If approved, Question 1 of the referendum, for $14.6 million, will fund the addition to the E.J. School in Surf City: eight new classrooms, including a Science, Technology, Engineering, Mathematics (STEM) lab; an art room; student services offices; and a gymnasium for school and community activities.

Question 2 – $3.8 million – will fund “essential renovations to maintain facilities and improve the overall learning environment for students, staff and community members who use the facilities for meetings and activities,” said Bishop.

Question 1 must be approved for the district to move ahead with the items in Question 2.

Bishop pointed out, “If both Questions 1 and 2 are approved, the average annual tax impact of the referendum on a home assessed at $600,000 would be $55 more per year. If just Question 1 is approved, the tax impact would be $43 more per year. This does not take into consideration, however, cost reductions realized through the sale of the Long Beach Island Grade School, debt service aid and annual savings of $350,000 to $450,000 from the consolidation. Those additional savings will reduce the tax impact.

“The LBICSD is eligible for $1.6 million in debt service state aid, which further would reduce the local tax share. The debt service aid only is available, however, if Question 2 is approved.”

The district does not yet have a time frame for the closing of the LBI School in Ship Bottom, but Kopack said the school would remain open through the 2017-2018 school year.

“According to the district,” Bishop explained, “if the referendum is approved, the construction schedule will be developed so it has little or no effect on student instructional time and extracurricular activities. It is likely the construction would begin in 2018, with an approximate move-in date for the addition of December 2019/January 2020.” The district anticipates renovations will be completed during summer 2020.

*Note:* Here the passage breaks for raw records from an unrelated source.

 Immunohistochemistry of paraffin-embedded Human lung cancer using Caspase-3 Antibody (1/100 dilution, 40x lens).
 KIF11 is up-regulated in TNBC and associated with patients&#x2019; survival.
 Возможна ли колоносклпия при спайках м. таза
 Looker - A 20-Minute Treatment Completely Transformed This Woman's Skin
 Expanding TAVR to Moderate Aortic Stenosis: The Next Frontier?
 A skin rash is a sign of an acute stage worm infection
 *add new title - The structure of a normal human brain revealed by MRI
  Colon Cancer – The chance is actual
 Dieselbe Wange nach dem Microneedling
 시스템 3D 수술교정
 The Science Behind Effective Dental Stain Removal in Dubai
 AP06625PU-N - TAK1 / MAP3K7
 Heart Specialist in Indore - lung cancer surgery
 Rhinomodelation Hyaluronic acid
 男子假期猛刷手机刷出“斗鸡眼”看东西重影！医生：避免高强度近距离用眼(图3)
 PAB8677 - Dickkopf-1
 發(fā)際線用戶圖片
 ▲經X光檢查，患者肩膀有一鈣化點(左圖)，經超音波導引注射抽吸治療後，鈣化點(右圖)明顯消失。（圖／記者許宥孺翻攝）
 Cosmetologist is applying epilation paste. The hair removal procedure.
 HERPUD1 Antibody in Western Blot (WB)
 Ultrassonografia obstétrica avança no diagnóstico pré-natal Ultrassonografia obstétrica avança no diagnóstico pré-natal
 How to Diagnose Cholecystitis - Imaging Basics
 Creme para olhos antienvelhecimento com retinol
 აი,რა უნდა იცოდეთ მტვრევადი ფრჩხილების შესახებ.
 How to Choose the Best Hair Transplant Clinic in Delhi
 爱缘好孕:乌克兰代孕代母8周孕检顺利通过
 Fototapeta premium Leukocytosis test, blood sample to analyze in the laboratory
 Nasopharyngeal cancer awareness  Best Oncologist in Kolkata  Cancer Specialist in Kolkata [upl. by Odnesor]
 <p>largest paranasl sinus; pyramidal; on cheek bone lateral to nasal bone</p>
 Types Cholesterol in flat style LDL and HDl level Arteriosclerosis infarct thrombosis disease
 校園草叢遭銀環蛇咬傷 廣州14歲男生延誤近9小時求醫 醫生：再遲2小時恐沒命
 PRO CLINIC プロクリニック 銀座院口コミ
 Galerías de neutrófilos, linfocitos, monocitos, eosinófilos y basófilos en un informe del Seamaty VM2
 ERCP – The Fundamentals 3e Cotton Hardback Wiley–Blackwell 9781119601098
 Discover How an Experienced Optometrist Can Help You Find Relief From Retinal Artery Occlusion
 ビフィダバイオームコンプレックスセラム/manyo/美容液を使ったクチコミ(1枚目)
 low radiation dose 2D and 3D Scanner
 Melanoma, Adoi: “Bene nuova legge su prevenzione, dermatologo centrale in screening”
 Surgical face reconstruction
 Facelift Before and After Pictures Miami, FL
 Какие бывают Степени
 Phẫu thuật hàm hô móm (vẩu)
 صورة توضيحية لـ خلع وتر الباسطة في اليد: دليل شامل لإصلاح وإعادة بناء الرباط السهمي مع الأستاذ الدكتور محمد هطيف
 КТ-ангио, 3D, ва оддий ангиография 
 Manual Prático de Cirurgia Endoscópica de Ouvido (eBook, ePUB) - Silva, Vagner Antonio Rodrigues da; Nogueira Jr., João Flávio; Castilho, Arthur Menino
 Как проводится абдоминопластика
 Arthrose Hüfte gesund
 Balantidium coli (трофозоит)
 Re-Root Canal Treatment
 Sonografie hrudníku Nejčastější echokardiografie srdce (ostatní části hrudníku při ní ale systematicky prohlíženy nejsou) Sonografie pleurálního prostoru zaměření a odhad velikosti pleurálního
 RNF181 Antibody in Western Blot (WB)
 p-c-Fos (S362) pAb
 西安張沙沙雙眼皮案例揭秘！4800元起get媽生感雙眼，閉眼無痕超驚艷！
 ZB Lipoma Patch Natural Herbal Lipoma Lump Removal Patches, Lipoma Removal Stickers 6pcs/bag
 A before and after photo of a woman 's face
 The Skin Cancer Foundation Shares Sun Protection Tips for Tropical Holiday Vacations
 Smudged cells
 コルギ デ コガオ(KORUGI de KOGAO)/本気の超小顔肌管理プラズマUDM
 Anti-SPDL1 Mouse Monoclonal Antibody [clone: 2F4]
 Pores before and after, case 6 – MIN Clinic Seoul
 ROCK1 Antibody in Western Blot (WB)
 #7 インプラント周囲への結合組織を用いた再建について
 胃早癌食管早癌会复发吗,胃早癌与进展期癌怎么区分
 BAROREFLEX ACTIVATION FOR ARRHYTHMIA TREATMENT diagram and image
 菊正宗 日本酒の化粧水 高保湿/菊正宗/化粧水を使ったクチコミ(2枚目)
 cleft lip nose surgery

“We recognize there are strong ties to, and feelings about, the Long Beach Island Grade School,” noted Kopack. “Consolidating the two schools is best for our students and the communities and taxpayers we serve. We understand everyone’s concerns and will work with students, staff, parents and interested community members to highlight and incorporate the long, rich history of the Long Beach Island Grade School into the consolidation.”

As Donahower added, “The board of education believes the proposed referendum will enable the district to balance fiscal responsibility to taxpayers with our mission to provide an exceptional and diverse educational experience for the students.”

To participate in the special election on Sept. 26, residents must be registered to vote by Sept. 5. Voter registration forms are available online, at the county clerk’s office or at the main offices of the E.J. and LBI schools.